Simply installing Spark is simple. All you have to do is extract the archive. I placed the extracted binaries in ~/Applications, resulting in the following tree structure:

└── spark-2.1.0-bin-hadoop2.7

At this point, you can already run Spark. Look for ~/Applications/spark-2.1.0-bin-hadoop2.7/bin/pyspark. For simplifying the settings, I created a symbolic link to ~/Applications/spark, in particular using ln -s spark-2.1.0-bin-hadoop2.7 spark, yielding the following structure:

├── spark -> spark-2.1.0-bin-hadoop2.7
└── spark-2.1.0-bin-hadoop2.7

Environment variables

Next step, is to set environment variables.

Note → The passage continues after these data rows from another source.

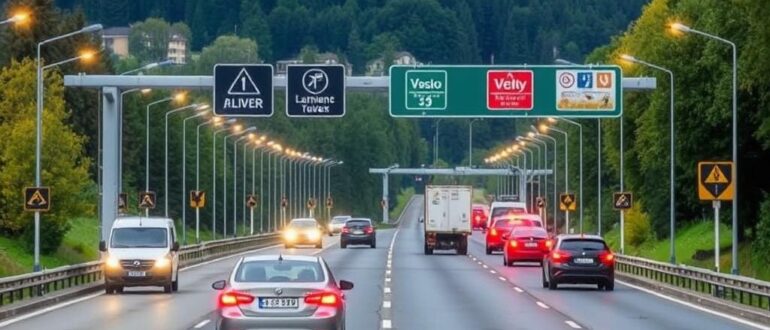 Платные дороги в Европе: как оплачивать и не штрафовать — путеводитель для водителя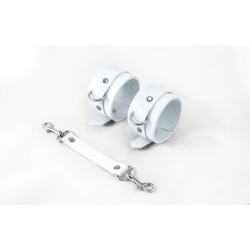 Наручники Feral Feelings Hand Restraints White, натуральна шкіра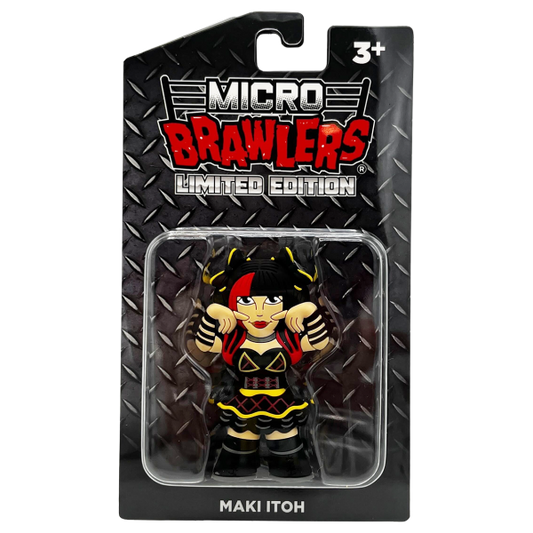 2025 Pro Wrestling Tees Micro Brawlers Limited Edition Maki Itoh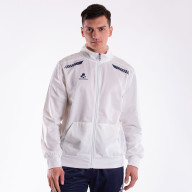 Костюм спортивный +ADRENALINA 3302-023-3XL, р. 3XL, 100% полиэстер, бело-т.синий - Костюм спортивный +ADRENALINA 3302-023-3XL, р. 3XL, 100% полиэстер, бело-т.синий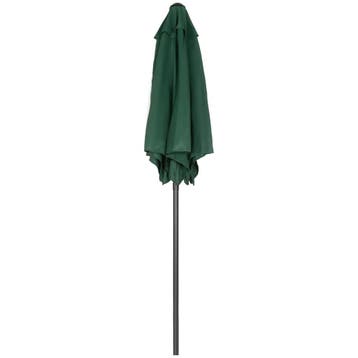 TRUUSK Parasol Ø196 cm - Met Kantelfunctie - Zeshoekig - Win, Verzenden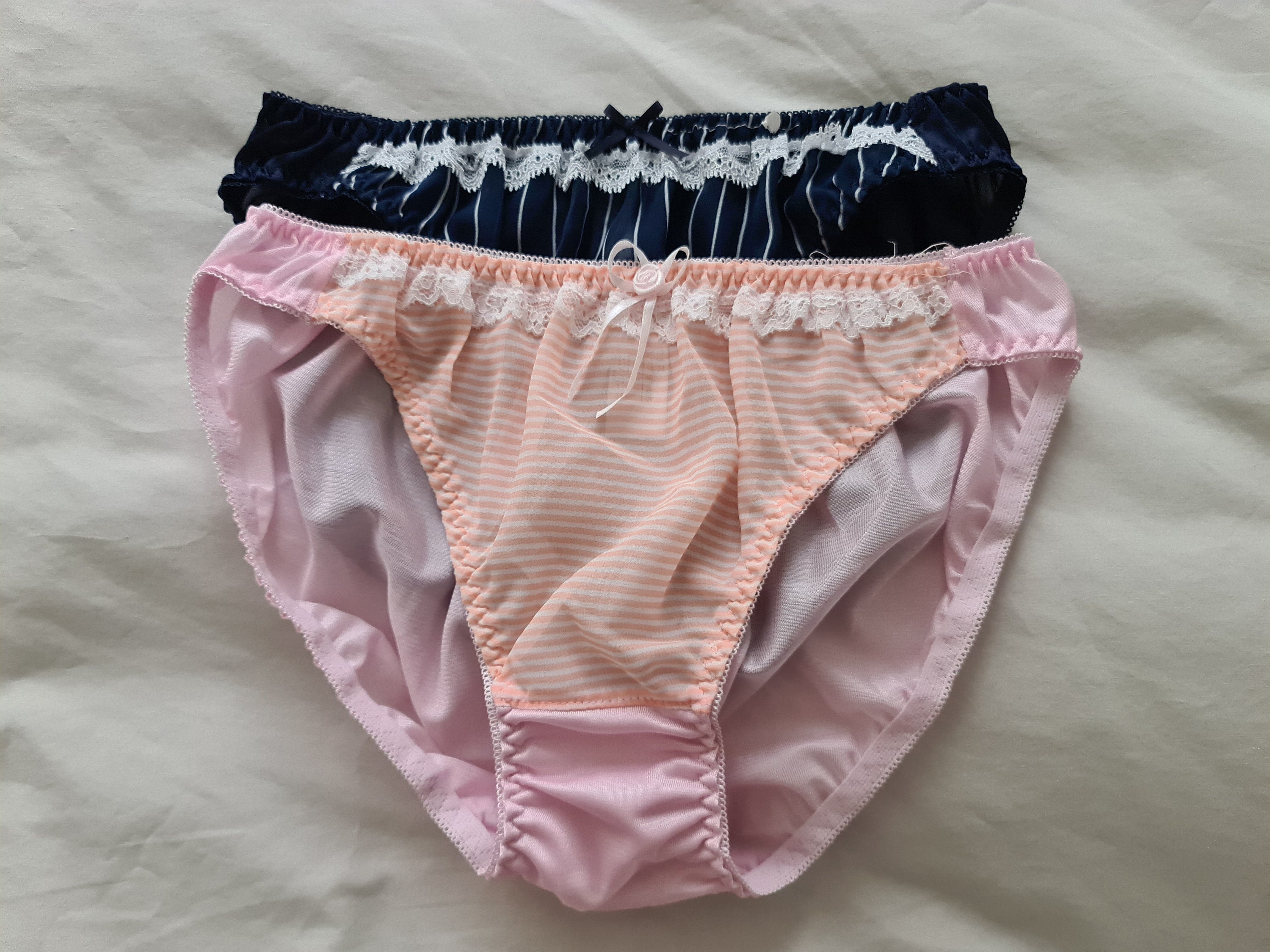 2 X Silky Bikini Panties From Japan size 12 Aus/uk & 6/US -  Hong Kong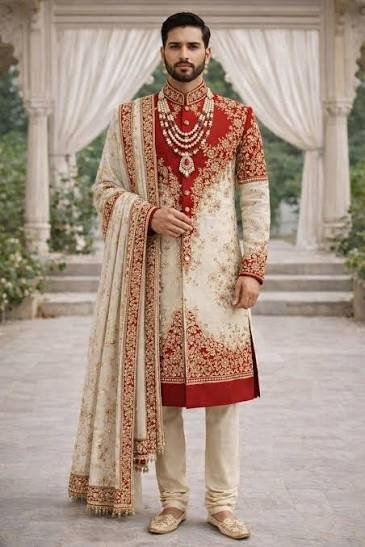 Traditional Sherwani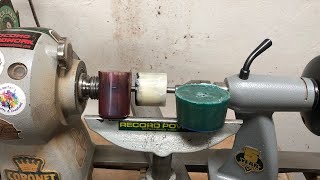 Woodturning | Christmas Ornaments - Scrap Resin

In particular, I added the following lines to ~/.bash_profile:

export SPARK_HOME="/Users/user/Applications/spark"
export PYSPARK_SUBMIT_ARGS="--master local[2]"
# Make pyspark available anywhere
export PATH="$SPARK_HOME/bin:$PATH"

Remark: spark-shell (i.e. the scala based REPL) should also be accessible at this point.


Now, it is time fore testing. Start a new terminal session, or source /.bash_profile. Now, simply run pyspark. You should get a Python REPL console with the SparkContext already loaded as sc. Tryout:

x = sc.parallelize([1,2,3])

and create a simple RDD.

Use IPython and Jupyter

The standard Python REPL is, somehow, crappy. You probably want to use IPython and even better Jupyter. To that end, I added the following to my ./bash_profile:

export PYSPARK_PYTHON=/Users/drorata/anaconda3
export PYSPARK_DRIVER_PYTHON=/Users/drorata/anaconda3/bin/ipython
alias pysparknb='PYSPARK_DRIVER_PYTHON="jupyter" PYSPARK_DRIVER_PYTHON_OPTS="notebook" pyspark'

This way, whenever I invoke pyspark a nice IPython console is started. In addition pysparknb starts a Jupyter server in the current directory.